レストランなんかでバイトをしていると色んな客が来るもので、それでも僕らは分け隔てなく接客しなきゃいけない。中には変な客もいるけど、それでも平静に対応しないといけない。しかし今日来たカップルはその中でも群を抜いていた。

とりあえず女は桃井かおり。ファーのついた黒いレザーコートに、黒いスカート、加えてけだるそうな眼差しと低血圧な喋り方はまさに桃井かおり。いや、まあ厳密に顔を見るとそこまで似ているということでもない。桃井より目はぱっちりしてるしアゴはとがってるし、右側の頬にはブルースウィリスが止め損ねた隕石が被弾したせいだと思われるニキビ痕が縦に点々と、なるほど岩手県特有のリアス式ほっぺは波が細かく砕けて養殖カキが良く育ちそうだなコンニャロウ、といったニキビの川。しかしそれでも、あれは桃井かおりよりも桃井かおりだと確信せざるを得ないのだ。偽者はむしろ桃井かおりの方なんじゃないかとさえ思う。

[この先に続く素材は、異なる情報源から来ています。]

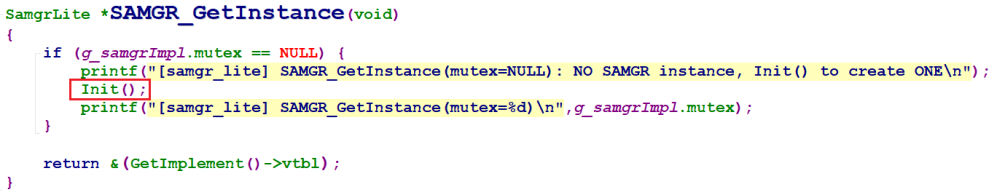 Hi3861的SAMGR--系统服务框架子系统-3-系统服务的启动-鸿蒙开发者社区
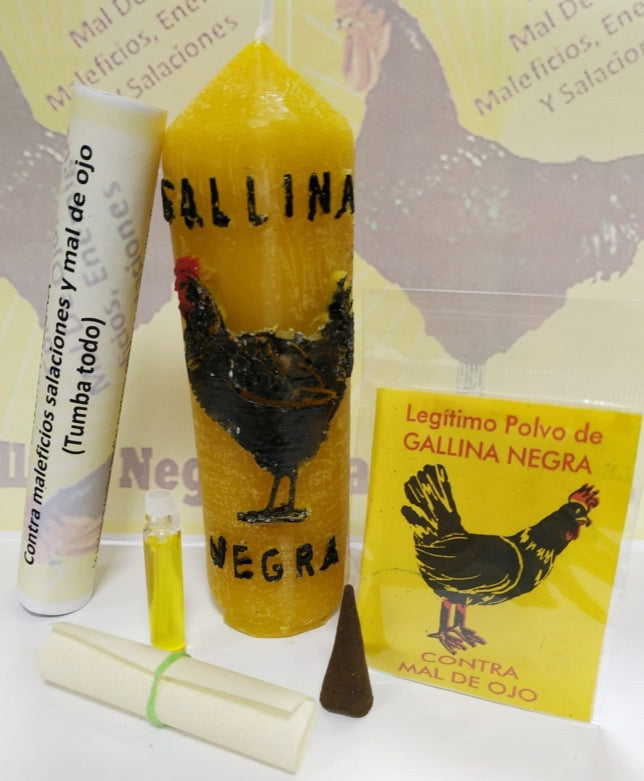 Ritual Completo Gallina Negra - Contra Hechicería, Magia Negra y Mal de Ojo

説明しにくいのだけど、桃井かおりというのは特定の人物を指すものではなく一種の概念なんじゃないかと思う。ふくらませると桃井かおりの形にふくらむガムを百人に試してもらっても、たぶん八割がた桃井かおりじゃなくてこの女の形にふくらむんじゃないか。いや、そんなガムはないんだけど。

本来ならこの桃井だけでお腹が黄色いハンカチで一杯になるところだが、またこの彼氏の方が椎名桔平そのもの。デコといいセンター分けといい桔平そのもの、いや、むしろ椎名桔平ってのは人物を指すのではなくて概念を指すもので、ふくらますと椎名桔平の形にふくらむガムをふくらませたとしたら、いやそんなガムはないんだけどそんぐらい似てる。

いやいやいや似てるって言い方もおかしい本人より本人なんだから、あー、もう説明しにくいなこれ、とりあえず椎名桔平の隣にこの男を並べたらぷよぷよの理論で消えるじゃんか、そしたら椎名の上に積んでた桃井が落ちてきて連鎖が完成して上からお邪魔桃井かおりとお邪魔椎名桔平が降って来るじゃんか、でもそれは芸能人の方じゃなくて、俺の目撃した方が降って来るっていうことなんだけど。

いやだからそんなゲームはないよ。ないけどさ。